Она ненавидела не меня, а то, что подразумевалось под моим присутствием.
«Они не доверяют нам и не дают говорить за себя, – молчала она. – Как бы мы не были ловки, как бы далеко не обогнали остальную стаю. Может, именно поэтому. Мы для них как зараженные. Мы субъективны. Поэтому с нами послали Сири Китона, который перескажет, что мы имели в виду на самом деле».
– Понимаю, – сказал я через минуту.
– Да ну?
– Это вопрос не доверия, майор, а местоположения. Нельзя рассмотреть систему изнутри, кем бы ты ни был. Пропорции искажаются.
– А для тебя – нет?
– Я вне системы.
– Сейчас ты общаешься со мной.
– Только как наблюдатель. Совершенство недостижимо, но досягаемо, понимаешь? Я не участвую в исследованиях и не принимаю решений; не вмешиваюсь в те аспекты миссии, которые призван изучать. Но, естественно, я задаю вопросы. И чем больше информации в моем распоряжении, тем точнее анализ.
– Я думала, тебе и спрашивать не надо. Считала, ты по губам читаешь или вроде того.
– Важна каждая мелочь, все идет в котел.
– И ты этим занимаешься прямо сейчас? Синтезируешь?
Я кивнул.
– Без всякого специального образования?
– Я такой же специалист, как и ты. Специалист по обработке информационных графов.
– Но ты ни черта не смыслишь в их содержании.
– Достаточно понимать форму.
Бейтс, кажется, нашла мелкий изъян в боевом роботе, которого разглядывала, и поскребла броню ногтем.
– А софт без твоей помощи не справился бы?
– Софт многое может, но кое-что мы предпочитаем делать сами, – я мотнул головой в направлении солдатика. – Визуальный осмотр, например.
Она усмехнулась, признав поражение.
– Так что, прошу, говори свободно.
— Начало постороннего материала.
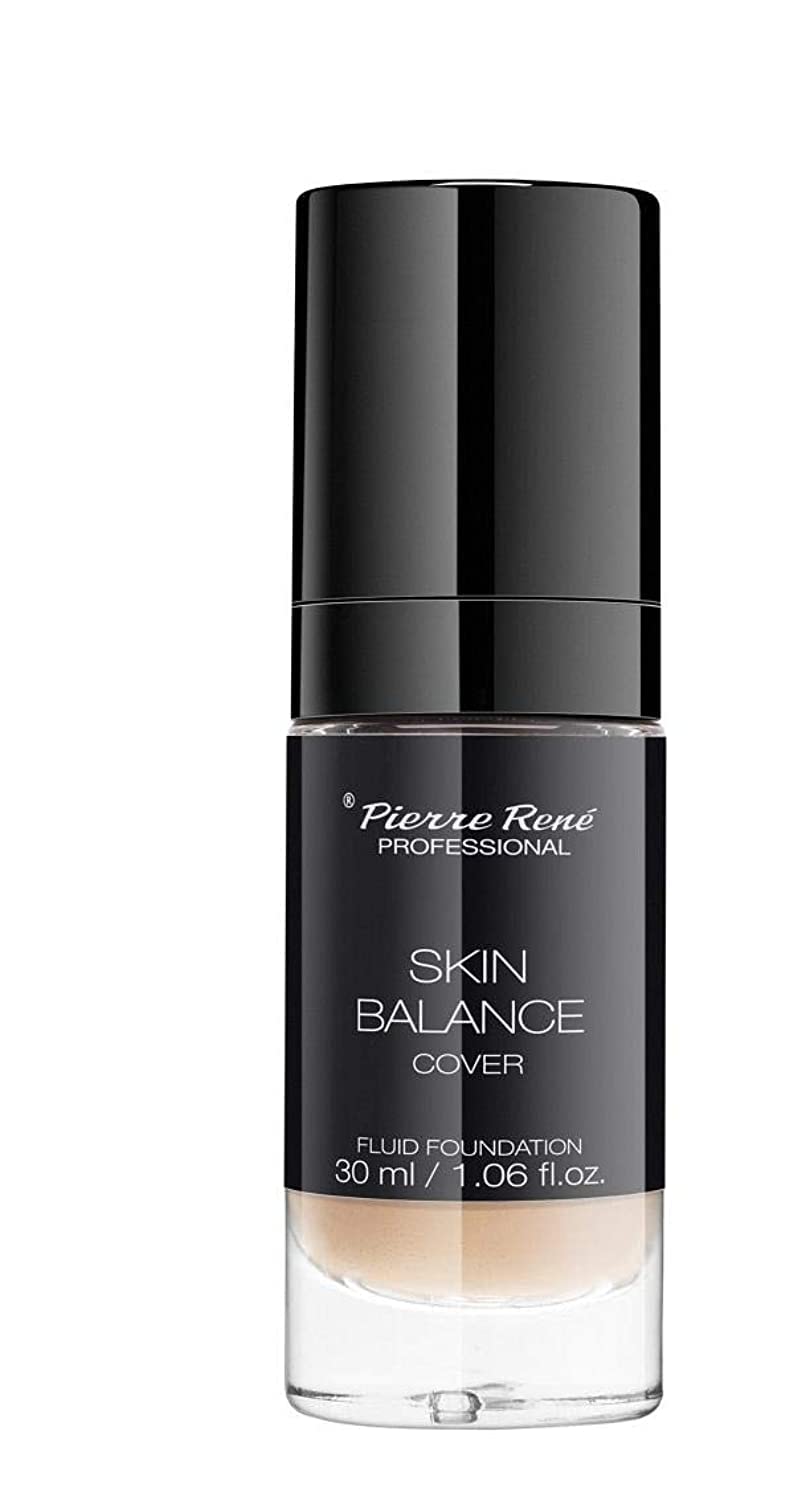 PIERRE RENE Skin Balance Cover 23-Nude 30 ml Standard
Я обязан обеспечивать конфиденциальность, ты же знаешь.
– Спасибо, – произнесла она, имея в виду: «На борту корабля такой штуки просто не существует».
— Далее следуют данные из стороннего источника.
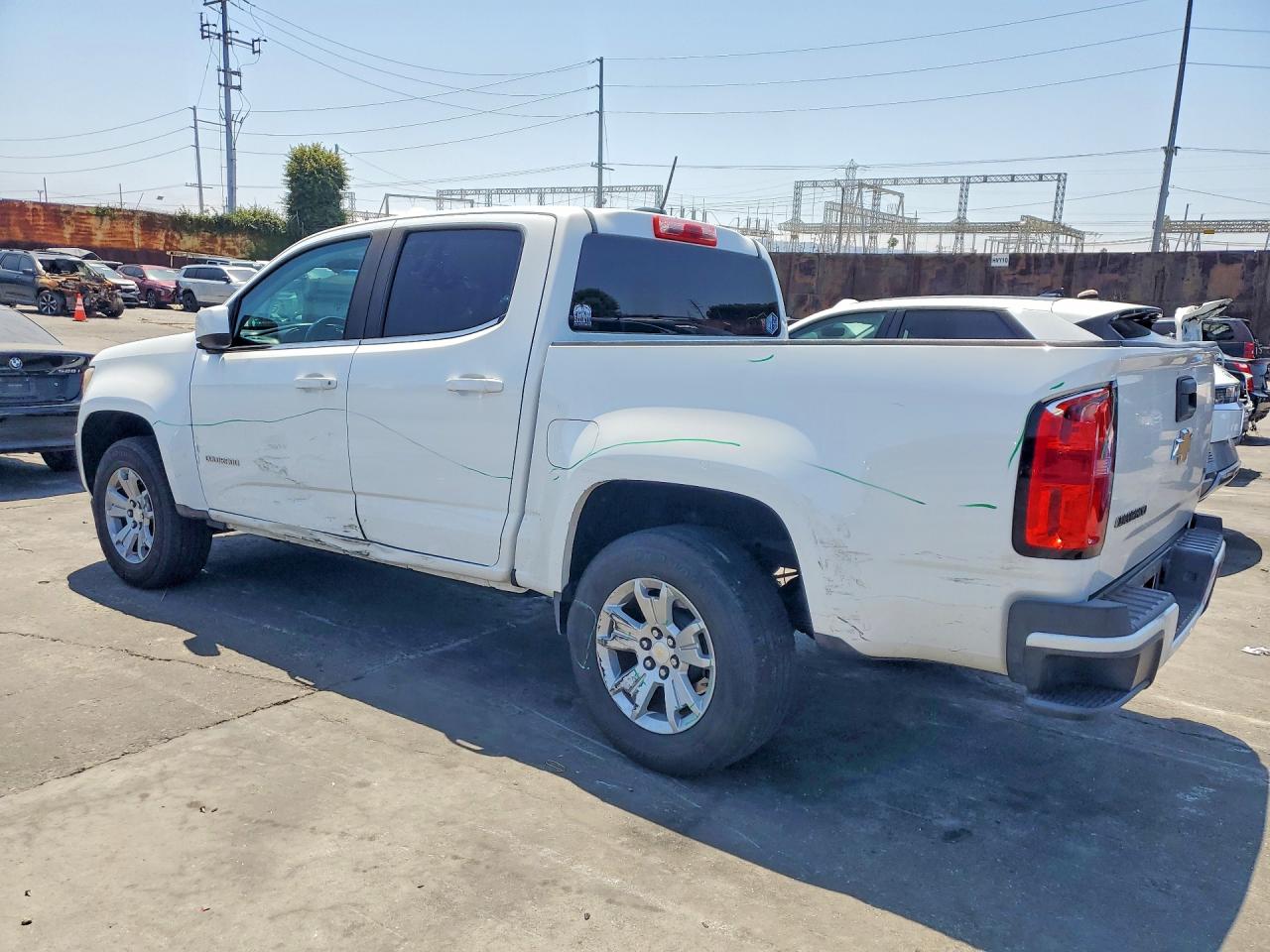 2016 CHEVROLET COLORADO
«Тезей» зазвенел. Вдогонку раздался голос Сарасти:
– Выход на орбиту через пятнадцать минут. Через пять всем собраться в вертушке.
– Ну, вот, – пробормотала Бейтс, отправляя в путь последнего солдатика, – поехали.
Она оттолкнулась и поплыла вверх по хребту. Новорожденные машины-убийцы угрожающе пощелкивали в мою сторону. От них пахло новыми автомобилями.
– Кстати, – бросила Бейтс через плечо, – ты пропустил самое очевидное.
– Что-что?
В конце прохода она развернулась вверх ногами и как гимнастка приземлилась рядом с люком вертушки.
– Причину. Зачем кому-то нападать, если от нас им ничего не нужно.
– Если они на самом деле не нападают, – прочел я на ее лице. – Если они защищаются.
– Ты спрашивал насчет Сарасти. Крепкий парень, волевой лидер. Мог бы больше времени проводить с рядовым составом.
Вампир не уважает подчиненных. Не прислушивается к советам. Постоянно прячется. Я вспомнил косаток-мигрантов.
– Может, он щадит наши чувства?
Он знает, что заставляет нас нервничать…
– Разумеется, – отозвалась Бейтс.
Вампир даже себе не доверяет.
* * *
И это касалось не только Сарасти. Они все скрывались от людей, даже когда сила была на их стороне. Всегда жили на грани легенды.
Началось все как обычно: вампиры далеко не первые обнаружили преимущества сохранения энергии. Землеройки и колибри, обремененные крошечными тельцами и форсированным метаболизмом, за ночь умирали бы от голода, если бы не впадали в оцепенение на закате. Коматозные морские слоны, бездыханные, таились на дне морском, поднимаясь только в погоне за добычей или когда содержание лактата достигало критического уровня. Медведи и бурундуки снижали энергетические расходы, отсыпаясь голодными зимними месяцами, а двоякодышащие рыбы – существа родом из Девона, владеющие настоящим «черным поясом» по искусству спячки – могли лечь и сдохнуть на долгие годы, ожидая дождей.